#### WHAT YOU HAVE TO DO:
What is wanted is the full listing, word for word, without its pictures.
──────── THE RECORDS ────────
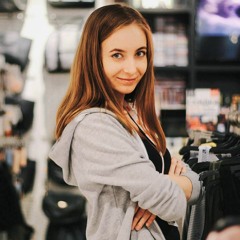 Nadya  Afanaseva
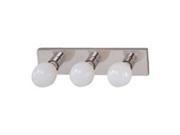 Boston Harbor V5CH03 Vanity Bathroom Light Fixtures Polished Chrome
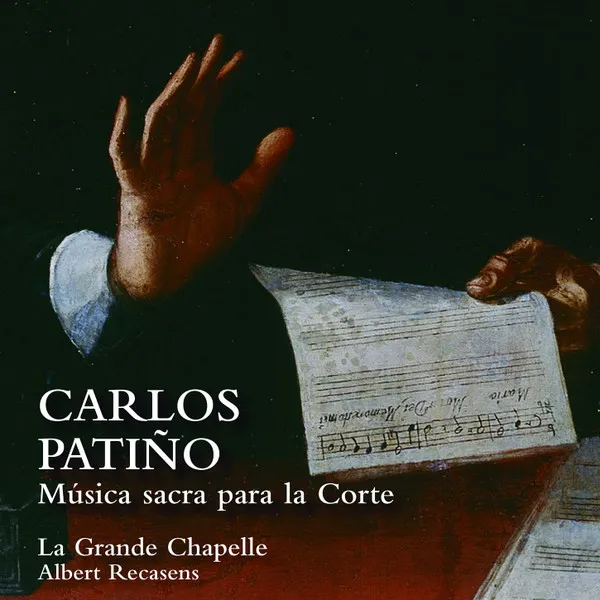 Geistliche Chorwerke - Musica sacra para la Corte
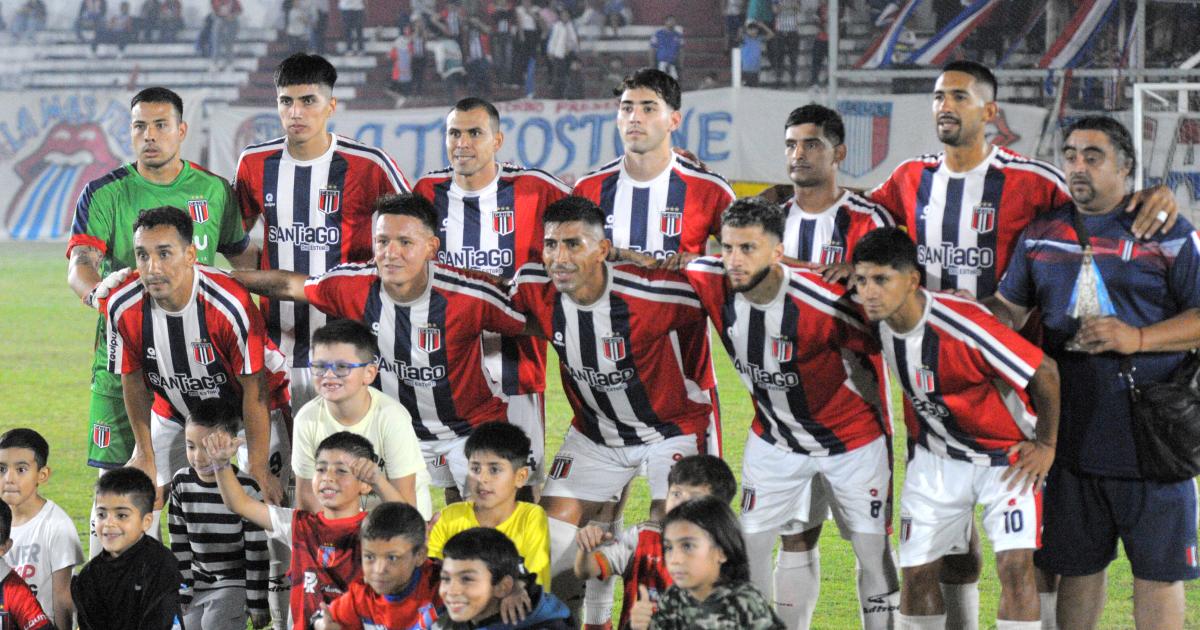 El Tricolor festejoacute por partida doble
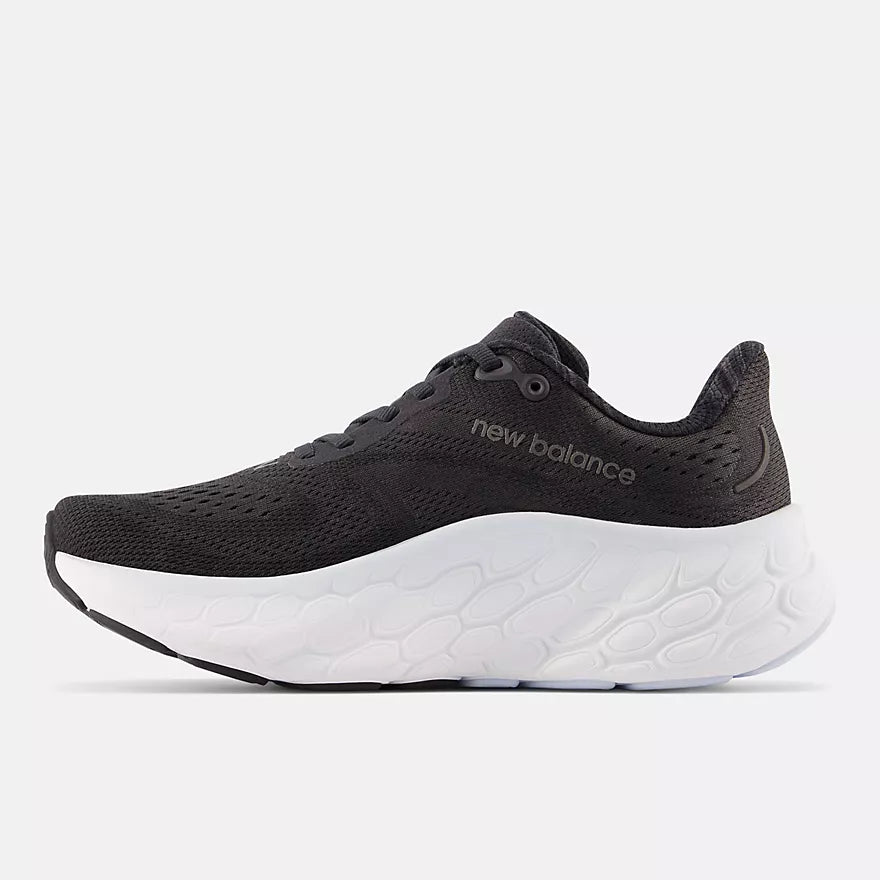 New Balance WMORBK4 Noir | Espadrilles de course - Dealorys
────────
#### WORKED SOLUTION:
 Nadya  Afanaseva
 Boston Harbor V5CH03 Vanity Bathroom Light Fixtures Polished Chrome
 Geistliche Chorwerke - Musica sacra para la Corte
 El Tricolor festejoacute por partida doble
 New Balance WMORBK4 Noir | Espadrilles de course - Dealorys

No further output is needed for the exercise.